Skip the images and print the listing exactly.

========================================================================

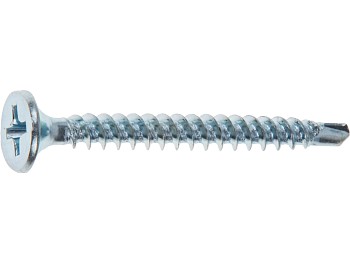 Саморез 3.5х35 мм для монтажа ГКЛ к металлу, цинк, со сверлом (50 шт в зип-локе) STARFIX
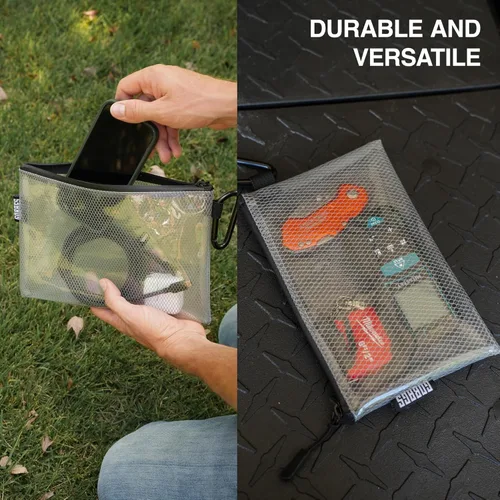 Miniatura 5 de GOBAGS Air Production Bolsa Mediana Transparente con Cremallera (Paquete de 4) – Organizador de Cables y Bolsa de Equipo de Viaje para Electrónicos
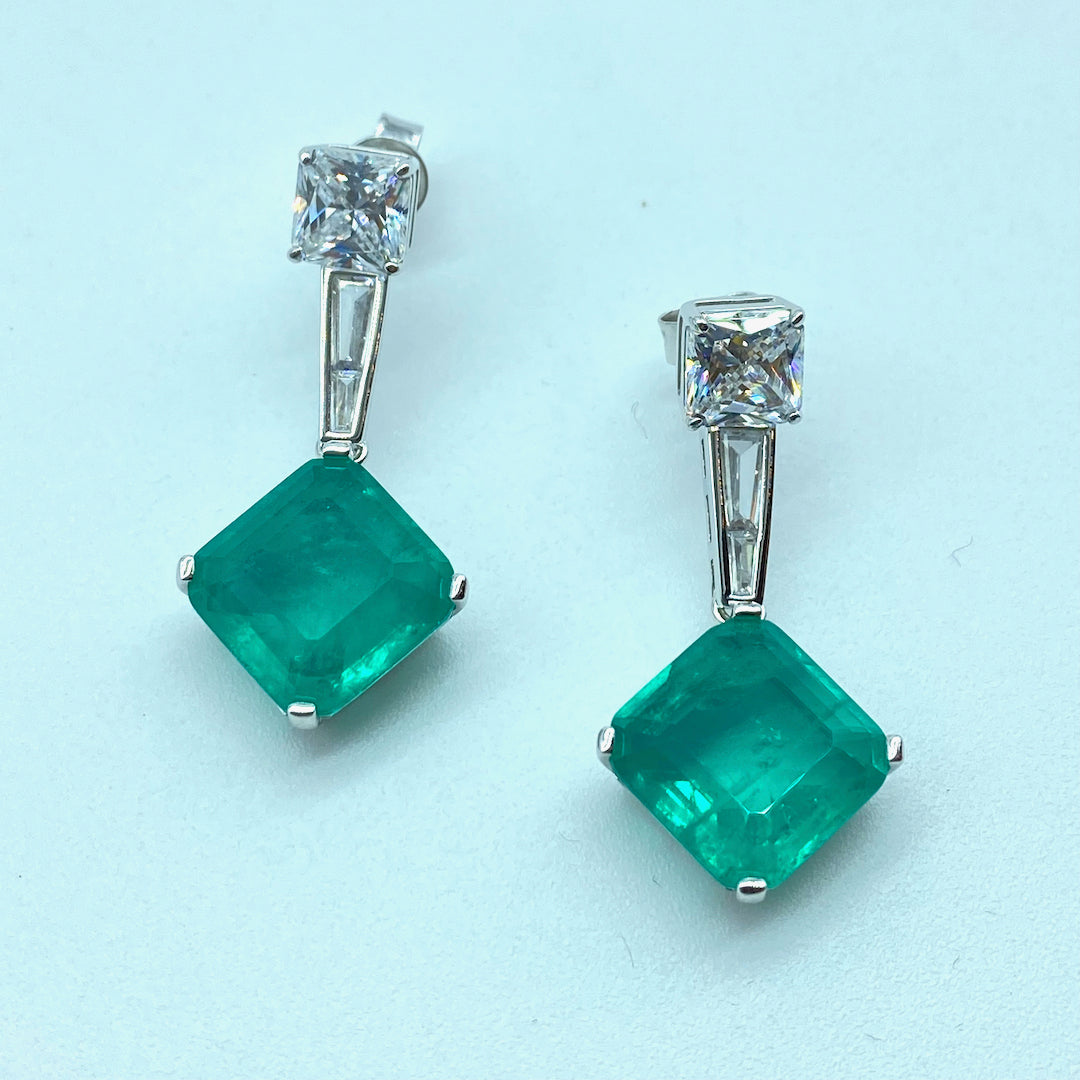 Square Lozange Crystal Dangle Emerald Push-Pin Earring- Sterling Silver Emerald Earring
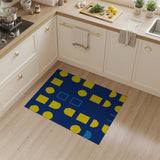 Yellow Geometric Shapes on Navy Blue Area Rug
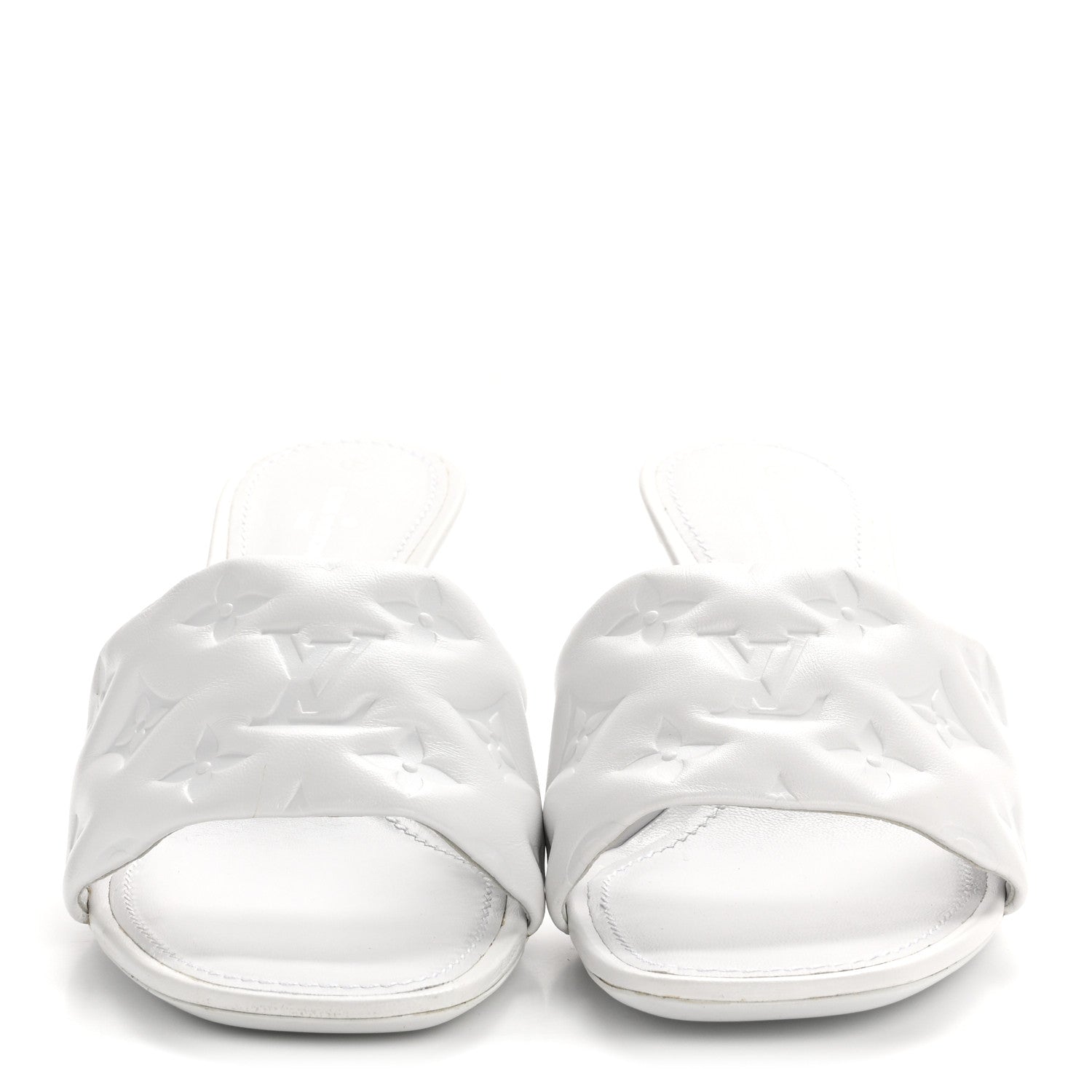 Louis Vuitton Lambskin Embossed Monogram Revival Mid Heel Mules 39 White 3 of 9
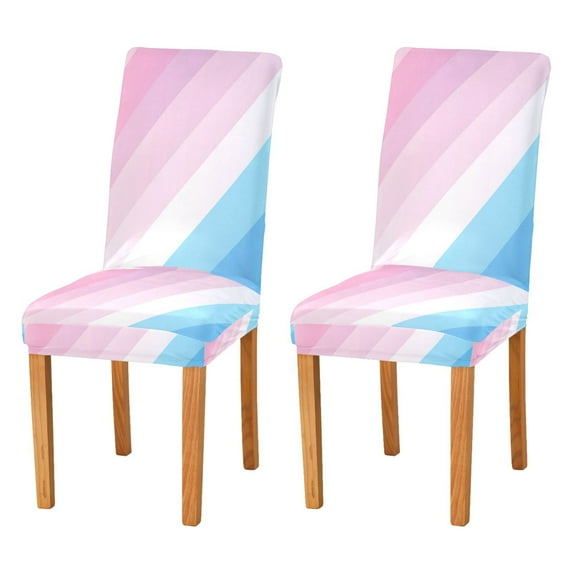 Yayeee 2 Pack Dining Chair Covers Stretch Parson Chairs Slipcovers Seat Protector, Pink Gradient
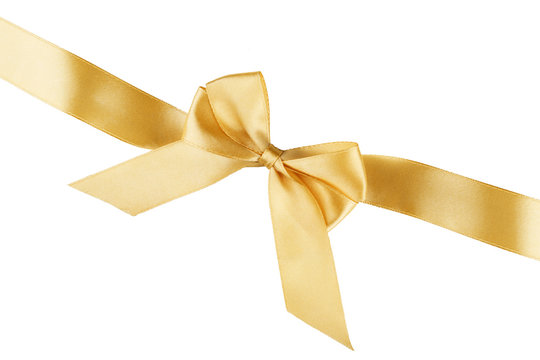 Beautiful gold bow isolated on white background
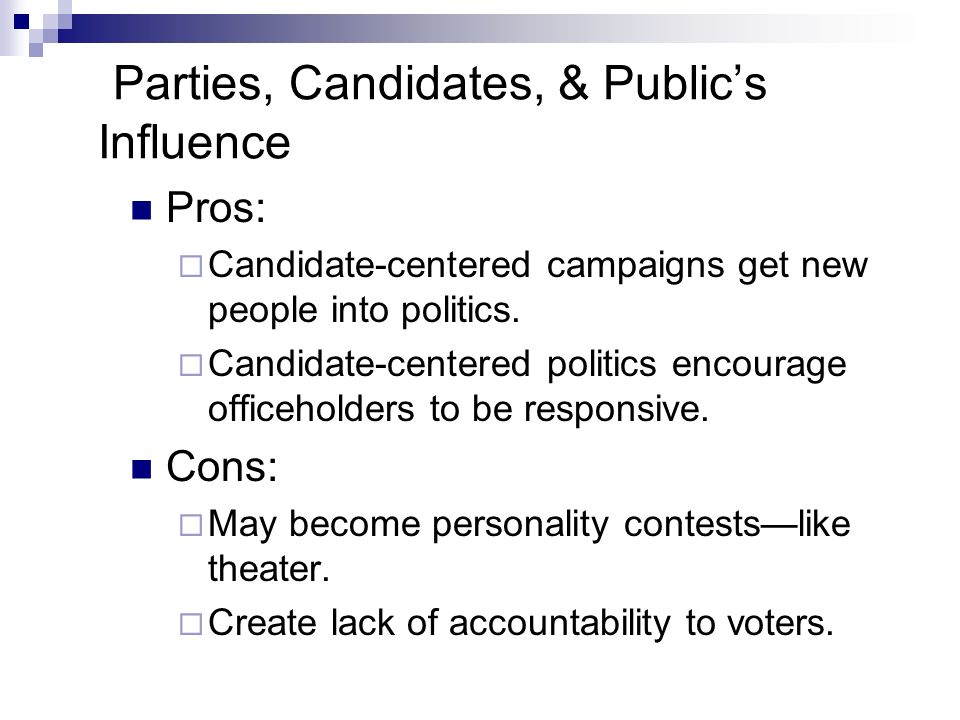 candidate centered elections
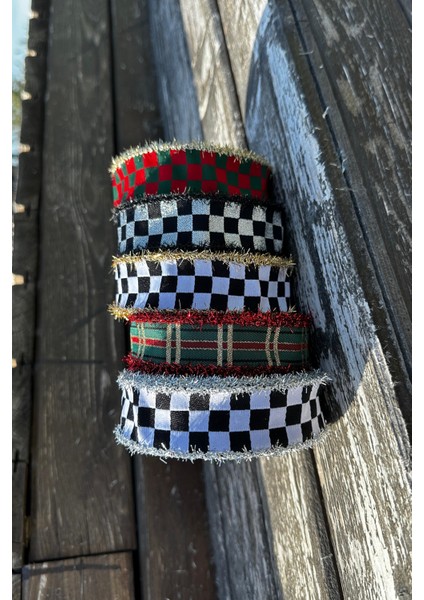 KURDELE Yılbaşı Dama Desen Kurdele Seti, Simli, Sim Saçaklı, Yeni Yıl, Hoşgeldin 2025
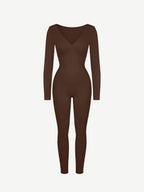 Deep V Tummy & Waist Control Jumpsuit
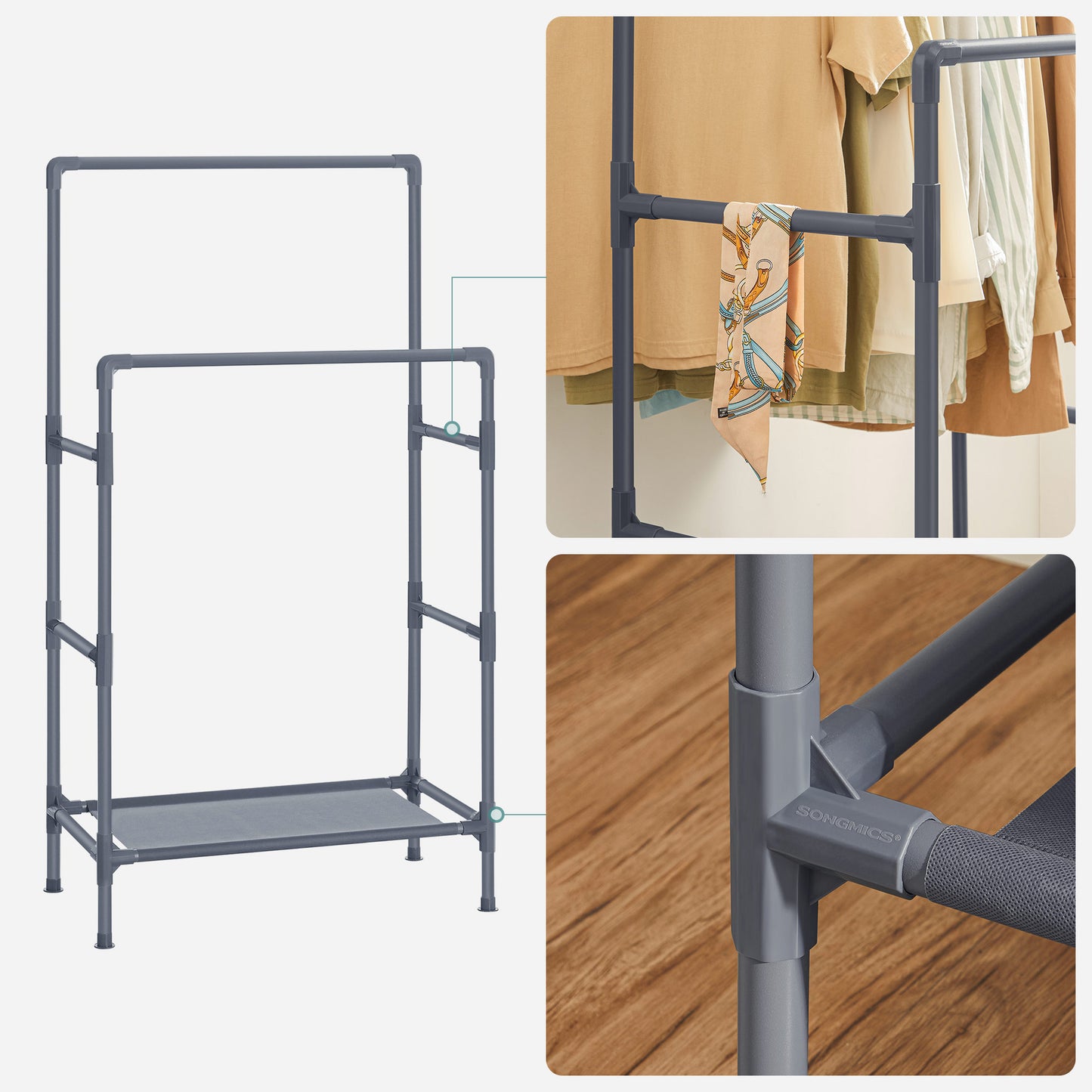 Portant Vetement, 2 tringles à Vêtements et compartiment de rangement, étagère à chaussures inférieure, en métal, Gris, SONGMICS, 7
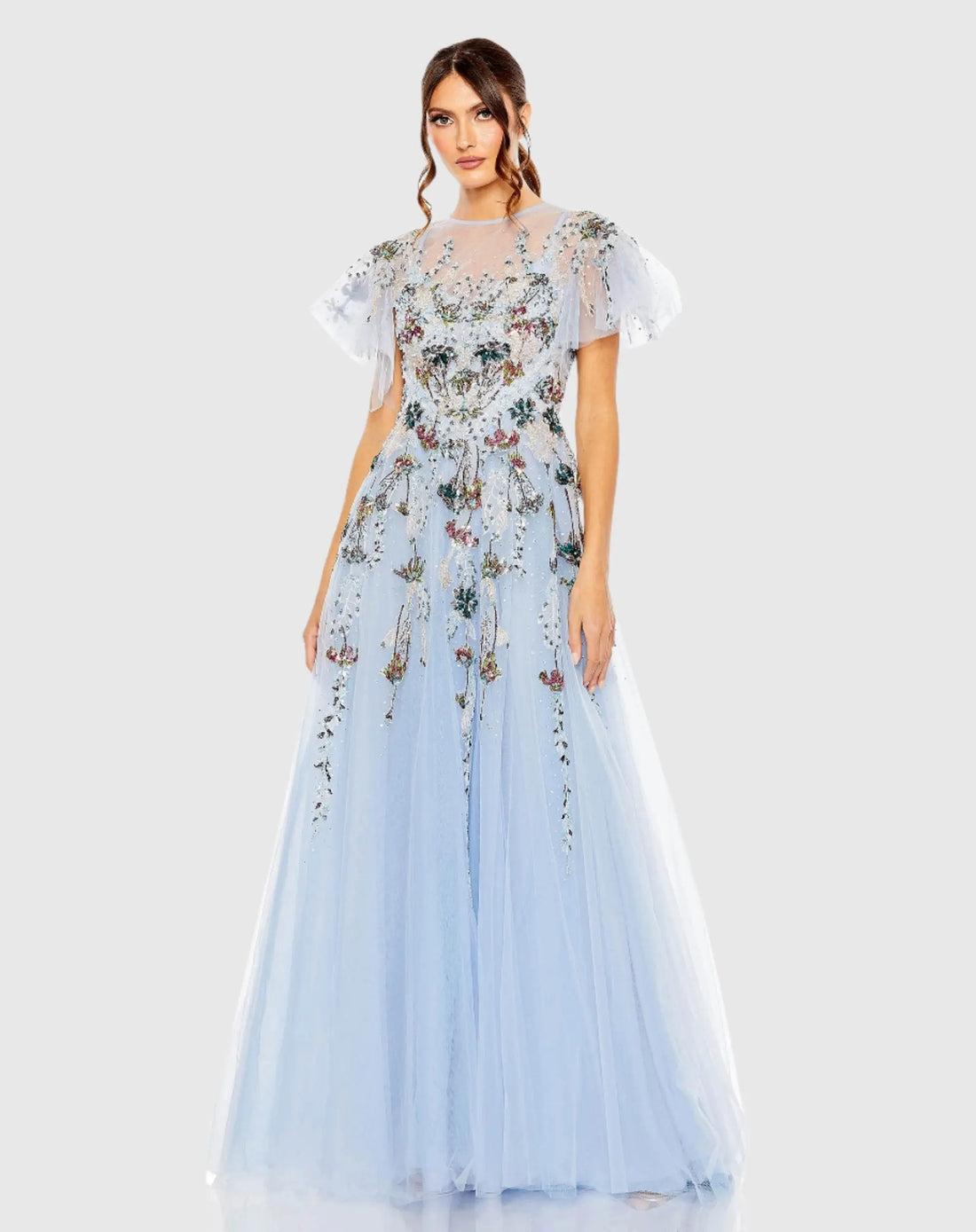 Embellished Multi Color Flutter Sleeve A-Line Dress - Mac Duggal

========================================================================

### TASK OUTPUT:
 Саморез 3.5х35 мм для монтажа ГКЛ к металлу, цинк, со сверлом (50 шт в зип-локе) STARFIX
 Miniatura 5 de GOBAGS Air Production Bolsa Mediana Transparente con Cremallera (Paquete de 4) – Organizador de Cables y Bolsa de Equipo de Viaje para Electrónicos
 Square Lozange Crystal Dangle Emerald Push-Pin Earring- Sterling Silver Emerald Earring
 Yellow Geometric Shapes on Navy Blue Area Rug
 Louis Vuitton Lambskin Embossed Monogram Revival Mid Heel Mules 39 White 3 of 9
 Yayeee 2 Pack Dining Chair Covers Stretch Parson Chairs Slipcovers Seat Protector, Pink Gradient
 Beautiful gold bow isolated on white background
 candidate centered elections
 KURDELE Yılbaşı Dama Desen Kurdele Seti, Simli, Sim Saçaklı, Yeni Yıl, Hoşgeldin 2025
 Deep V Tummy & Waist Control Jumpsuit
 Portant Vetement, 2 tringles à Vêtements et compartiment de rangement, étagère à chaussures inférieure, en métal, Gris, SONGMICS, 7
 Embellished Multi Color Flutter Sleeve A-Line Dress - Mac Duggal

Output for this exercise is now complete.